* Exercise brief *
Reproduce exactly the lines of the material beneath, from the line that contains "Missouri Legislation Book" to the line that contains "Rose Frame - Full", both included, and no other lines.

* Data *
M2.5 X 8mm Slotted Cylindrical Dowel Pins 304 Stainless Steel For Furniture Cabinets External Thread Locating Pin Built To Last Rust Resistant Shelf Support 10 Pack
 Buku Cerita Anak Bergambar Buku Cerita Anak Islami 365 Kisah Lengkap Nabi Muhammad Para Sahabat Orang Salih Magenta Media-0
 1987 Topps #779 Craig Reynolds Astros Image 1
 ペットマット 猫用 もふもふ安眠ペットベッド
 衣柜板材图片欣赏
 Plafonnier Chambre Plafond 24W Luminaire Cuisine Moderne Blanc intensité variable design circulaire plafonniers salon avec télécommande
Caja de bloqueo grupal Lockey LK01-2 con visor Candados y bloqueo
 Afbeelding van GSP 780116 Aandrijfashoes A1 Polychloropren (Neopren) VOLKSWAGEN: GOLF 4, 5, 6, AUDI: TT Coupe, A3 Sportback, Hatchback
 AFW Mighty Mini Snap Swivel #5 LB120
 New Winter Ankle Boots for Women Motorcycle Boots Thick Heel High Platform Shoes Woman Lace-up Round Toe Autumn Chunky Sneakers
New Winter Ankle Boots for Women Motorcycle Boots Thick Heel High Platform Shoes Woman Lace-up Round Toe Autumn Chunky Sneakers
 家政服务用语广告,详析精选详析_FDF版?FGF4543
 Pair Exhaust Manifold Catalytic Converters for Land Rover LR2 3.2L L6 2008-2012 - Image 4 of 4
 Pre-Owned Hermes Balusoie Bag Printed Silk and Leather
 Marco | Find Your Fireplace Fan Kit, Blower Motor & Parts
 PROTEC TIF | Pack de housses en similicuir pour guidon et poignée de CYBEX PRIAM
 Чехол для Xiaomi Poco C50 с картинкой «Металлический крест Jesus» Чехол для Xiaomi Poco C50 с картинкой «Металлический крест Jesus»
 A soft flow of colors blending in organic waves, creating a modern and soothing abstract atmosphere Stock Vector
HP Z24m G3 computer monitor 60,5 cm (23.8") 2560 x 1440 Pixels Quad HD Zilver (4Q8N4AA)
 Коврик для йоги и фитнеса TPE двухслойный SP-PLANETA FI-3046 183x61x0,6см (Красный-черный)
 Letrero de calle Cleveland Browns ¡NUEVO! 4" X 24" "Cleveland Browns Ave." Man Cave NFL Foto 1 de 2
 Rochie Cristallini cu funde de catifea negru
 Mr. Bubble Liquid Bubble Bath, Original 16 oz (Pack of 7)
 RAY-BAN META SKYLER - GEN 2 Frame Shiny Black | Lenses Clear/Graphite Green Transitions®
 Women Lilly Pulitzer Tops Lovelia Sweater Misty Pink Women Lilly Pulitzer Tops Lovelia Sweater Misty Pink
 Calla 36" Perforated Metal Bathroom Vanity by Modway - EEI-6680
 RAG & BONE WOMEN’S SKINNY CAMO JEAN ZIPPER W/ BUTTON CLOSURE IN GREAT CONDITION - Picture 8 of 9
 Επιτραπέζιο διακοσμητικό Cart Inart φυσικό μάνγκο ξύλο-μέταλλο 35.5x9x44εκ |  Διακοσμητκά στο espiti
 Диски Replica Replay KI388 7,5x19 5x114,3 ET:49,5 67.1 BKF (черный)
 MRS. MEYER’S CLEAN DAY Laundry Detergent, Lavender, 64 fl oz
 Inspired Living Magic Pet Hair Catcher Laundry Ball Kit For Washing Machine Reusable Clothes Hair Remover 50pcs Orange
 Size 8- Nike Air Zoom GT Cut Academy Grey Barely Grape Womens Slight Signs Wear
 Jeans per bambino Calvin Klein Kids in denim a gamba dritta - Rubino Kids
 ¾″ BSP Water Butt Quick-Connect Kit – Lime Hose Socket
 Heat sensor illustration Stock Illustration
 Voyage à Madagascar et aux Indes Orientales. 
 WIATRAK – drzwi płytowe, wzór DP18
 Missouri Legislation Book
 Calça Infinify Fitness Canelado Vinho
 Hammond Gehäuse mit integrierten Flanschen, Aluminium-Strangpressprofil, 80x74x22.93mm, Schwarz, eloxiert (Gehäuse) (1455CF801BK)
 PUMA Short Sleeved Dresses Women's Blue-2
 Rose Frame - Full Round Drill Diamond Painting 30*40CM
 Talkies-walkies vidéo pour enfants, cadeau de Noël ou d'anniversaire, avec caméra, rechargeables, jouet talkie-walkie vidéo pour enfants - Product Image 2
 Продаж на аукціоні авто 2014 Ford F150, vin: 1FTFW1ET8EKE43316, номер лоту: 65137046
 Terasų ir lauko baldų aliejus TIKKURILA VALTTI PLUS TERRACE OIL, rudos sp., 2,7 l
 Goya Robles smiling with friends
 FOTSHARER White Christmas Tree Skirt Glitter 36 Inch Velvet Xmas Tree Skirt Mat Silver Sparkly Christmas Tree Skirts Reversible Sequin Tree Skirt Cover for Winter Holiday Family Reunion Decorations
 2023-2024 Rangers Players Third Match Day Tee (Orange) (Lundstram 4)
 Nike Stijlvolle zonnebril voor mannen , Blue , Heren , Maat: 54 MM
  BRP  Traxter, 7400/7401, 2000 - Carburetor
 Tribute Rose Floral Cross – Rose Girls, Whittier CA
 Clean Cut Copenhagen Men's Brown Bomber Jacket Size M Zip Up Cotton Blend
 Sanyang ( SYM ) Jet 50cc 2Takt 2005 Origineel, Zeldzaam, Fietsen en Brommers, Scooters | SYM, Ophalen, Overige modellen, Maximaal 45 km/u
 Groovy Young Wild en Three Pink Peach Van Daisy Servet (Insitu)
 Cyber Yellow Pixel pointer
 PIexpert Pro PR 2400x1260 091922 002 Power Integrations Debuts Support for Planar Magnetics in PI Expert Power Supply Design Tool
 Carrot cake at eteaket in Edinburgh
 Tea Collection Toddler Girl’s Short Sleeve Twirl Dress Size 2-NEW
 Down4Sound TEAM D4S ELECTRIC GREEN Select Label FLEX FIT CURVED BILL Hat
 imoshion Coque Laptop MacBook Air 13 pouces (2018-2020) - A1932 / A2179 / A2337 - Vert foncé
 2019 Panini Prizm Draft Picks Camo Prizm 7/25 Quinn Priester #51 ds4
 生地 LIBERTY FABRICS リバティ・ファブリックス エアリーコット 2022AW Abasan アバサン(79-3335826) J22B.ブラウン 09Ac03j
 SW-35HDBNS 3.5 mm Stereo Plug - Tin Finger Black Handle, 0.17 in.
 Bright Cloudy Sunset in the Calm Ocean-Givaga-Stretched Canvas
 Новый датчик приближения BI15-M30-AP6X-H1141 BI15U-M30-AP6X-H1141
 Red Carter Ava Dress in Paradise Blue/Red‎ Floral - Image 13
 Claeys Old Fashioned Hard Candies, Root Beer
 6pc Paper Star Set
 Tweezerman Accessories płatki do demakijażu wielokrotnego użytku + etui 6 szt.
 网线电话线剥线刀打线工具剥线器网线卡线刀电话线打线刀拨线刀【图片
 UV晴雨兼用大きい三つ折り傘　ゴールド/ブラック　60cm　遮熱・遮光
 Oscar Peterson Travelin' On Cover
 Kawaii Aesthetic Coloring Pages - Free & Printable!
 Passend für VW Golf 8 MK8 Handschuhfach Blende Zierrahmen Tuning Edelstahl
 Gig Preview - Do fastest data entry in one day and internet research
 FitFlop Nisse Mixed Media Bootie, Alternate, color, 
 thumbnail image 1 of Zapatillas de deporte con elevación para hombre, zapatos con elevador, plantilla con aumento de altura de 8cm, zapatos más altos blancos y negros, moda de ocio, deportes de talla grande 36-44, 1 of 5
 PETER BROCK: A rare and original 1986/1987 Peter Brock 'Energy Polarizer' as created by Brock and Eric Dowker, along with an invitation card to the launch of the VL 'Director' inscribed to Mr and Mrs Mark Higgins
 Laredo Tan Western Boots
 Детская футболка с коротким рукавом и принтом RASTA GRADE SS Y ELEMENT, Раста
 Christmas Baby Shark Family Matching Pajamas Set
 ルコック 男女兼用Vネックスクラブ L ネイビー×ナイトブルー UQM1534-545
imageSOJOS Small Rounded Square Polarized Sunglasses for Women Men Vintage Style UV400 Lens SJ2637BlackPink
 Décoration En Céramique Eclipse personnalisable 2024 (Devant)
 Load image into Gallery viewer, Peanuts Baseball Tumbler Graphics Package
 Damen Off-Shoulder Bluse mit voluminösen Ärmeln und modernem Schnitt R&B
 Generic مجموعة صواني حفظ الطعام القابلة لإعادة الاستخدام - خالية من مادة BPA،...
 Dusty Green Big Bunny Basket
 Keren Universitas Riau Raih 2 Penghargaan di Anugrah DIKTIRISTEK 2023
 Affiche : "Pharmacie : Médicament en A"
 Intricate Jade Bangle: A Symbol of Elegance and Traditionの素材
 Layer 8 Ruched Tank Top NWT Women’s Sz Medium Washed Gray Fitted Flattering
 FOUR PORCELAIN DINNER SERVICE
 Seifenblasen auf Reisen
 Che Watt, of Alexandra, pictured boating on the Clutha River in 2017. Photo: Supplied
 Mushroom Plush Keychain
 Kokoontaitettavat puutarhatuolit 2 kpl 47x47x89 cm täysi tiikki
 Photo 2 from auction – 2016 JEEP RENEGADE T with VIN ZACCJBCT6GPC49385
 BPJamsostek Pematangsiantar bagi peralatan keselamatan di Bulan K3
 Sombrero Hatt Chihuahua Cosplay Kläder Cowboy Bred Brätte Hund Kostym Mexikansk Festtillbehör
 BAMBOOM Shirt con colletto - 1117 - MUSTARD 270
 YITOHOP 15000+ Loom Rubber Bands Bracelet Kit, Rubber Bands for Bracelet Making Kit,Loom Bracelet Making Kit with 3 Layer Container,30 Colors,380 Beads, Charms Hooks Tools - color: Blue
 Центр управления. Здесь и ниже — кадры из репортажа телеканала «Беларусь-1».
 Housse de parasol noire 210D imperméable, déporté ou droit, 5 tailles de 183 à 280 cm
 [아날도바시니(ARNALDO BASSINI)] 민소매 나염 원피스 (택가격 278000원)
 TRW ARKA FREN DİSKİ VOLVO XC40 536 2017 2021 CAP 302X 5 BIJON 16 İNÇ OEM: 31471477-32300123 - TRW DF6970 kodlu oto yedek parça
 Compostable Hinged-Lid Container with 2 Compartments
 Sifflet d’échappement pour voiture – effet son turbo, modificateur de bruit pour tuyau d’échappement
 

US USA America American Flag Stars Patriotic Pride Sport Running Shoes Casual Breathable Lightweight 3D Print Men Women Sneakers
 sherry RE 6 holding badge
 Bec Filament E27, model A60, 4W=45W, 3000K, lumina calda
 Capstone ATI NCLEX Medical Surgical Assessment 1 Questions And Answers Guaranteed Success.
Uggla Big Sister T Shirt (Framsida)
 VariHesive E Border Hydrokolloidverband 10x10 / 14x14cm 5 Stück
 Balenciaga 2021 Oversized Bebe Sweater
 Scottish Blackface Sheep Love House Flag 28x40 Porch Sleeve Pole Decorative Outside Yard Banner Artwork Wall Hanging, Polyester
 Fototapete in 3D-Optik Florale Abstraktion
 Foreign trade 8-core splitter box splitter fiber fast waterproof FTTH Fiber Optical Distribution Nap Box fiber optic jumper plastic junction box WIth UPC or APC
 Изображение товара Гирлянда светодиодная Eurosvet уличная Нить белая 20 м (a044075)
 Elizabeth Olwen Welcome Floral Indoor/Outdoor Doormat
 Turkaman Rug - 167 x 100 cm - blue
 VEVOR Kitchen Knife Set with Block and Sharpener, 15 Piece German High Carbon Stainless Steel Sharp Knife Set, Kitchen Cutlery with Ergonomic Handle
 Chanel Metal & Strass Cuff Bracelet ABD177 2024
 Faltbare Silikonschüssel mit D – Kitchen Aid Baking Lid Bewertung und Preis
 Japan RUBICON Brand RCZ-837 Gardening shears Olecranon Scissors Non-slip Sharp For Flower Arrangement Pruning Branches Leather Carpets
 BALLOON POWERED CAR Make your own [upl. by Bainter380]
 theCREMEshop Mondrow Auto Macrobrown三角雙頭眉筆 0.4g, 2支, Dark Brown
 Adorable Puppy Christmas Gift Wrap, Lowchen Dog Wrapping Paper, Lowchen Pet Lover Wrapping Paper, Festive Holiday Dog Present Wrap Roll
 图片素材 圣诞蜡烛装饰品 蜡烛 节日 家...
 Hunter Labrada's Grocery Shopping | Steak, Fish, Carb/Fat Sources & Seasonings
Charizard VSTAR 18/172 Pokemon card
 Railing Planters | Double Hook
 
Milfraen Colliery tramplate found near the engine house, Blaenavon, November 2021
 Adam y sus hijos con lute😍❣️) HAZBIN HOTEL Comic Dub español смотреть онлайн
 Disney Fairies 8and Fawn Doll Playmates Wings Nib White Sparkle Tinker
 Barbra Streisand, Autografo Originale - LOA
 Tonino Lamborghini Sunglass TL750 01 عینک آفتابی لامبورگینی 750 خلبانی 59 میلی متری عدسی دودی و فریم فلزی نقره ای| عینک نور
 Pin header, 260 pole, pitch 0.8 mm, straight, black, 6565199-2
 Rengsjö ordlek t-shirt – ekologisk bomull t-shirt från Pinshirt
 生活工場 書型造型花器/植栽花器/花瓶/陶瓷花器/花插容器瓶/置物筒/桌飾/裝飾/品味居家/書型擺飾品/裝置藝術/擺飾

* Reply *
 Missouri Legislation Book
 Calça Infinify Fitness Canelado Vinho
 Hammond Gehäuse mit integrierten Flanschen, Aluminium-Strangpressprofil, 80x74x22.93mm, Schwarz, eloxiert (Gehäuse) (1455CF801BK)
 PUMA Short Sleeved Dresses Women's Blue-2
 Rose Frame - Full Round Drill Diamond Painting 30*40CM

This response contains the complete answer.